(Beginning of PROVIDED INFORMATION)

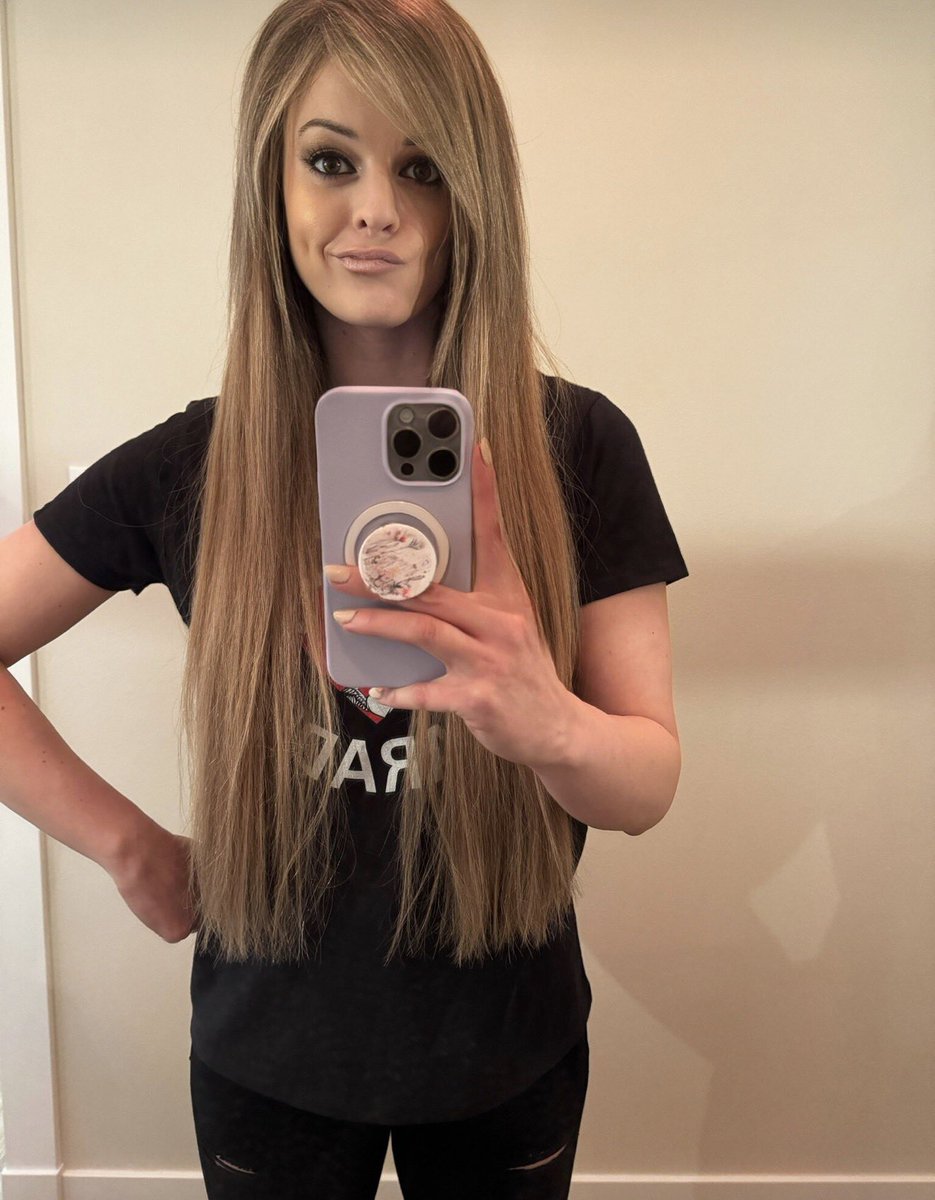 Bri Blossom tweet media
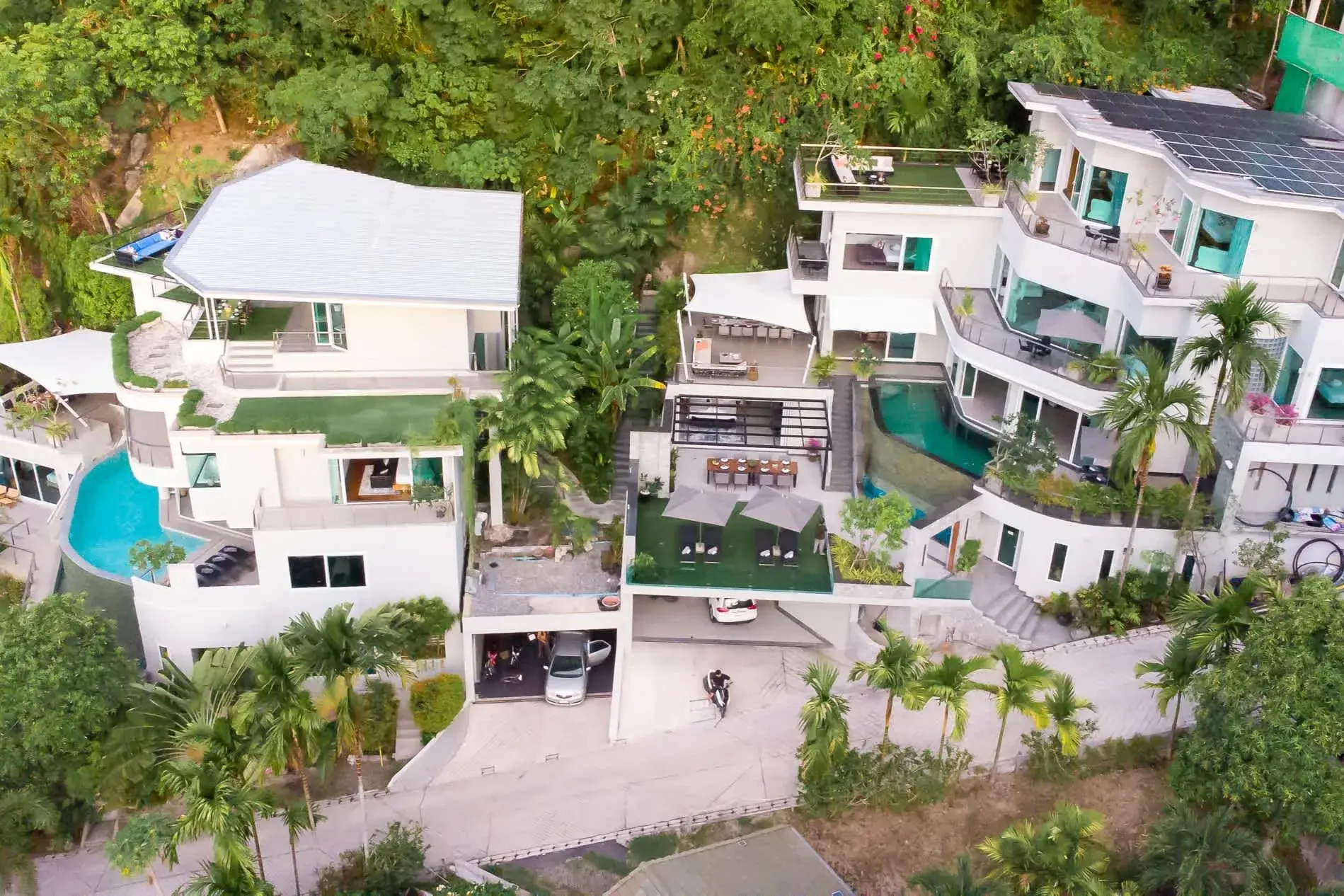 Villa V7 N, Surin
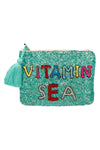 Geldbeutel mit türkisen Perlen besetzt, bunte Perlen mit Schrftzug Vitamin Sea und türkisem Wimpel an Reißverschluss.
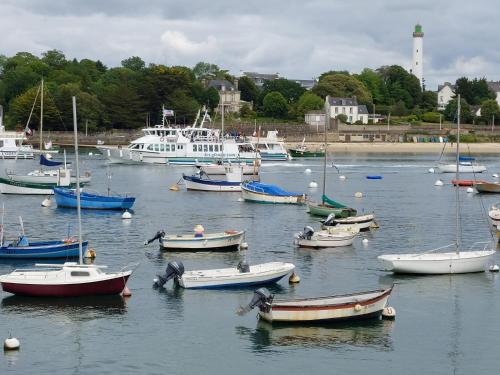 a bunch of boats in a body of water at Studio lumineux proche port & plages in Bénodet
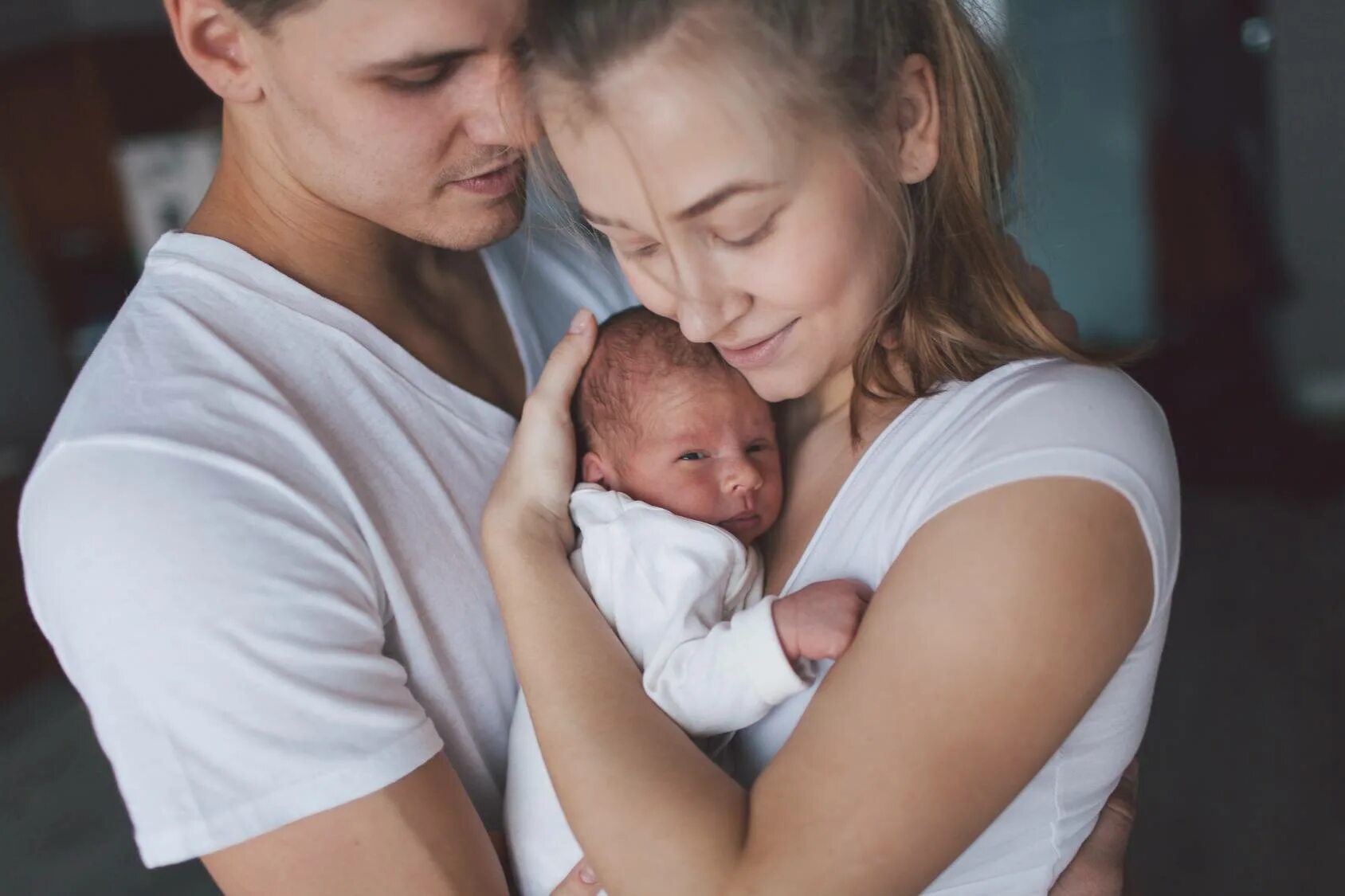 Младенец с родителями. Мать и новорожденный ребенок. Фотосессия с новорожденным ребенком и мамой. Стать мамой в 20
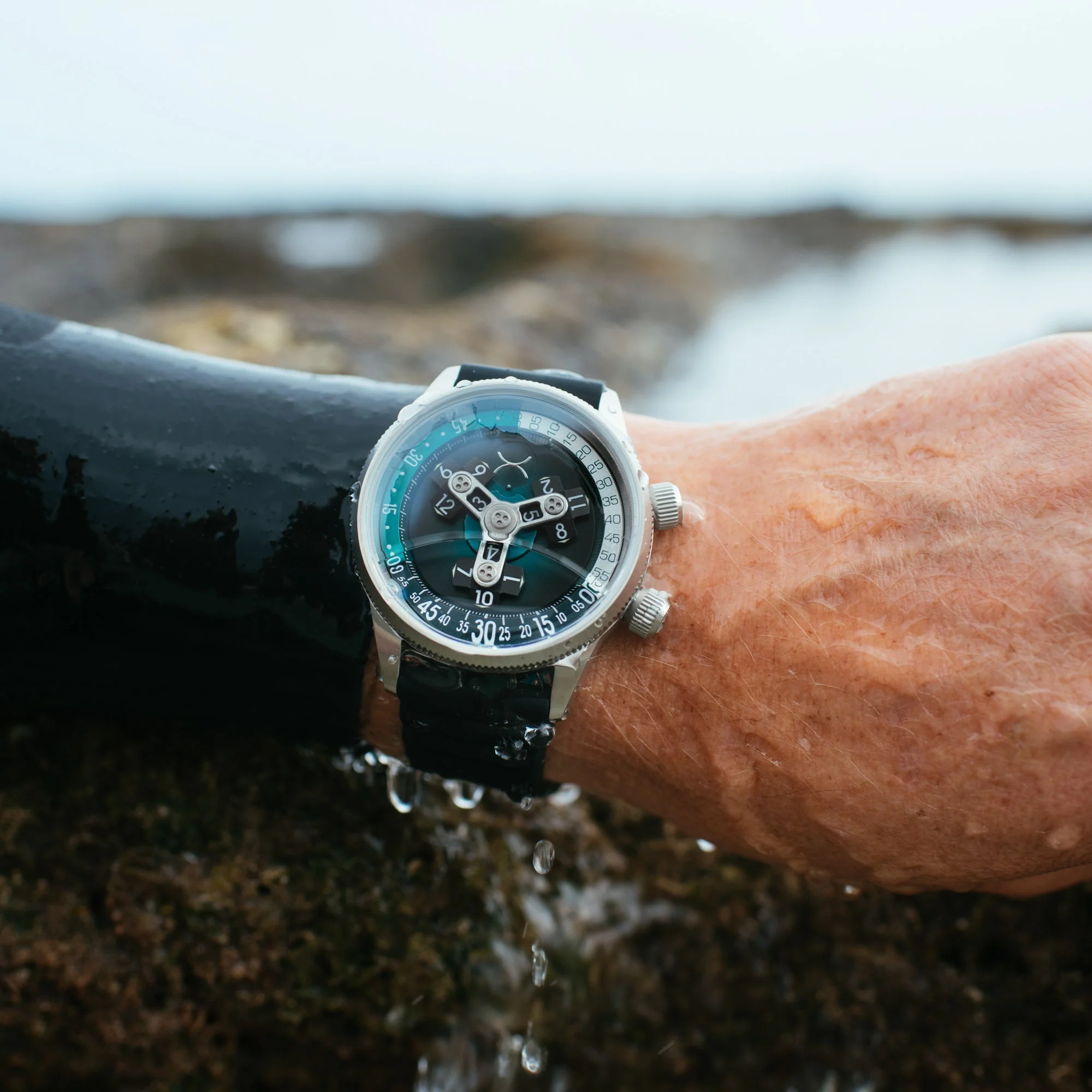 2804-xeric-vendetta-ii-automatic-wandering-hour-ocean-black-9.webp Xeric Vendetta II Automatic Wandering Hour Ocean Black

(End of PROVIDED INFORMATION)

* _TASK ITEM_:
Beginning with the line containing "Villa V7 N, Surin" and ending with the last line of the data above, repeat each line exactly. Include no pictures and no other lines.

* _ANSWER BELOW_:
 Villa V7 N, Surin
 Geldbeutel mit türkisen Perlen besetzt, bunte Perlen mit Schrftzug Vitamin Sea und türkisem Wimpel an Reißverschluss.
 a bunch of boats in a body of water at Studio lumineux proche port & plages in Bénodet
 Младенец с родителями. Мать и новорожденный ребенок. Фотосессия с новорожденным ребенком и мамой. Стать мамой в 20
 2804-xeric-vendetta-ii-automatic-wandering-hour-ocean-black-9.webp Xeric Vendetta II Automatic Wandering Hour Ocean Black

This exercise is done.